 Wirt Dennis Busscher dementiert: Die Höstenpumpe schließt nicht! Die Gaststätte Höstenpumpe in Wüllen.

---

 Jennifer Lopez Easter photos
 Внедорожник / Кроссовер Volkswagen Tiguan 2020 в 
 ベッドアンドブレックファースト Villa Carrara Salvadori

--

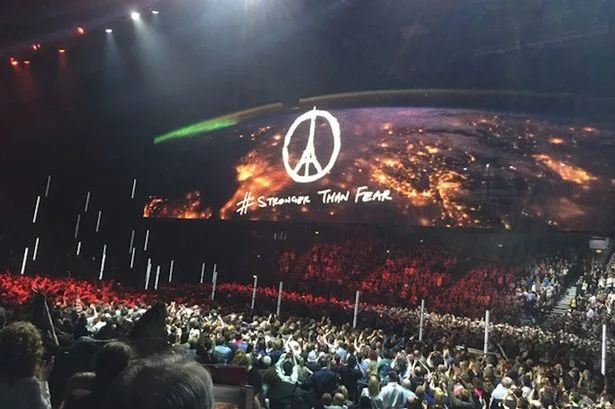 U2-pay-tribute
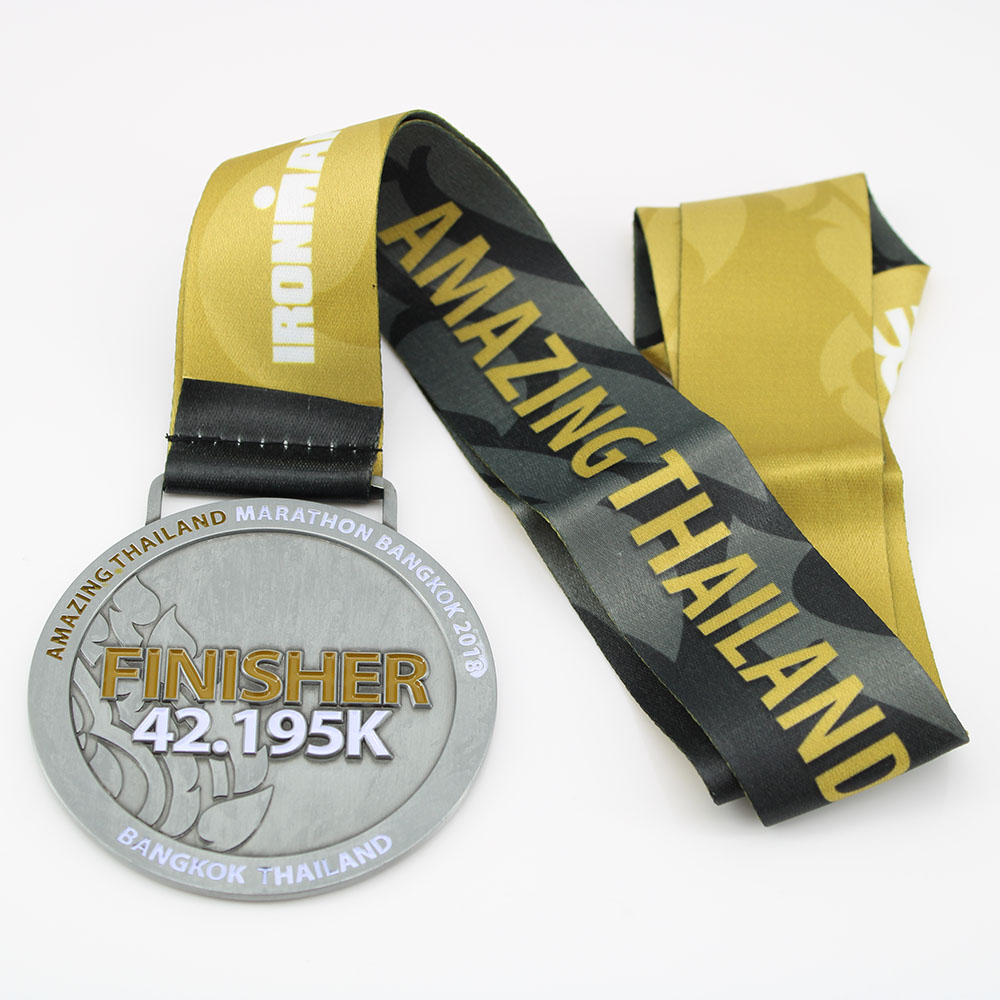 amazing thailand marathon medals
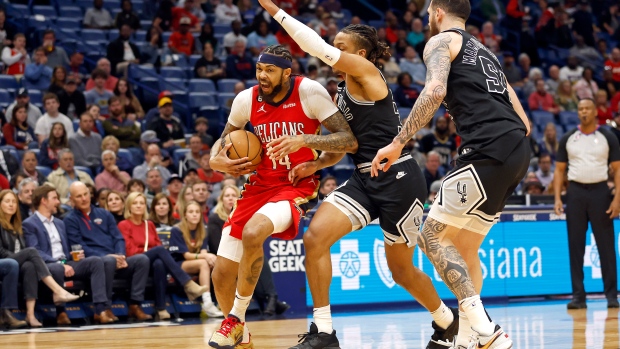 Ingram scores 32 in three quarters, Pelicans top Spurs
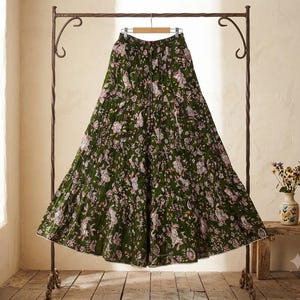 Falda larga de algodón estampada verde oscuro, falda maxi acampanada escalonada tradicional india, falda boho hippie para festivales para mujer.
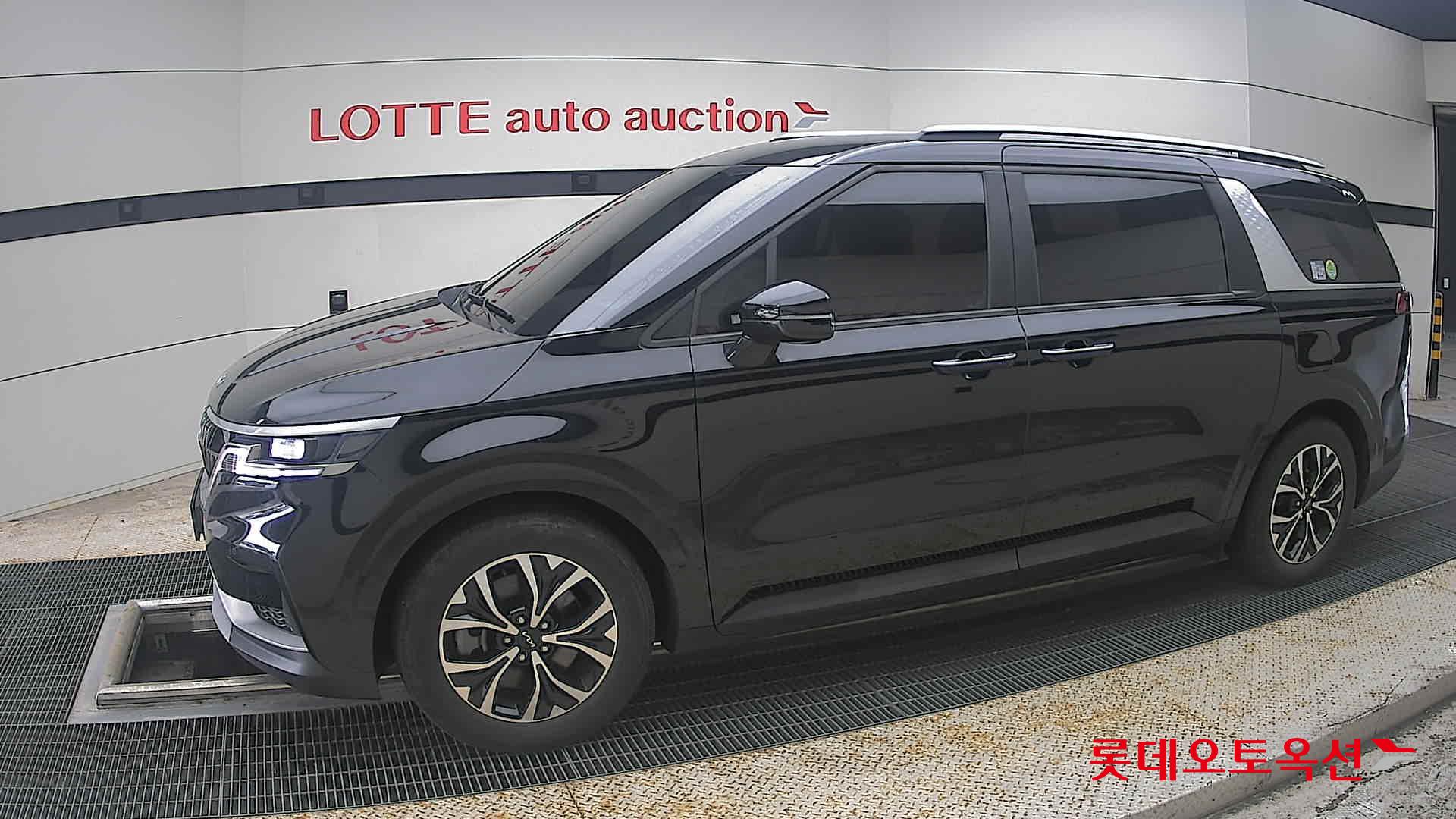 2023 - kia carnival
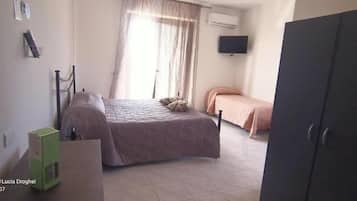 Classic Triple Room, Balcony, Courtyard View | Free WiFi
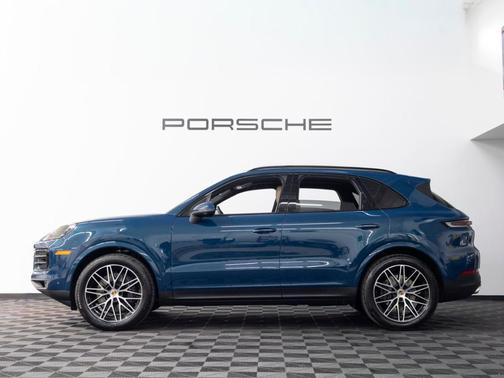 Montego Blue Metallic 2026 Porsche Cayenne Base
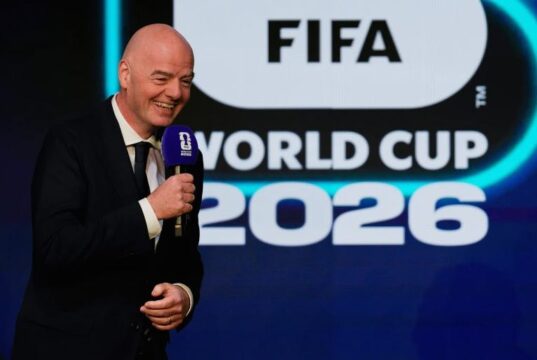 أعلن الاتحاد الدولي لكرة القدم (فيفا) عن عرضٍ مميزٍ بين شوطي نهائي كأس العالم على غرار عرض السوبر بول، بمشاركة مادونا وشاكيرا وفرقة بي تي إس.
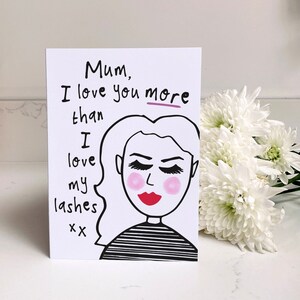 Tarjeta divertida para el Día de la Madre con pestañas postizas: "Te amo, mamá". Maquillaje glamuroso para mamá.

> What to work on
Using the material above, transcribe exactly the lines from the one holding "Falda larga de" to the one holding "Tarjeta divertida para", both ends kept. Do not carry over any pictures.

> Written response
 Falda larga de algodón estampada verde oscuro, falda maxi acampanada escalonada tradicional india, falda boho hippie para festivales para mujer.
 2023 - kia carnival
 Classic Triple Room, Balcony, Courtyard View | Free WiFi
 Montego Blue Metallic 2026 Porsche Cayenne Base
 أعلن الاتحاد الدولي لكرة القدم (فيفا) عن عرضٍ مميزٍ بين شوطي نهائي كأس العالم على غرار عرض السوبر بول، بمشاركة مادونا وشاكيرا وفرقة بي تي إس.
 Tarjeta divertida para el Día de la Madre con pestañas postizas: "Te amo, mamá". Maquillaje glamuroso para mamá.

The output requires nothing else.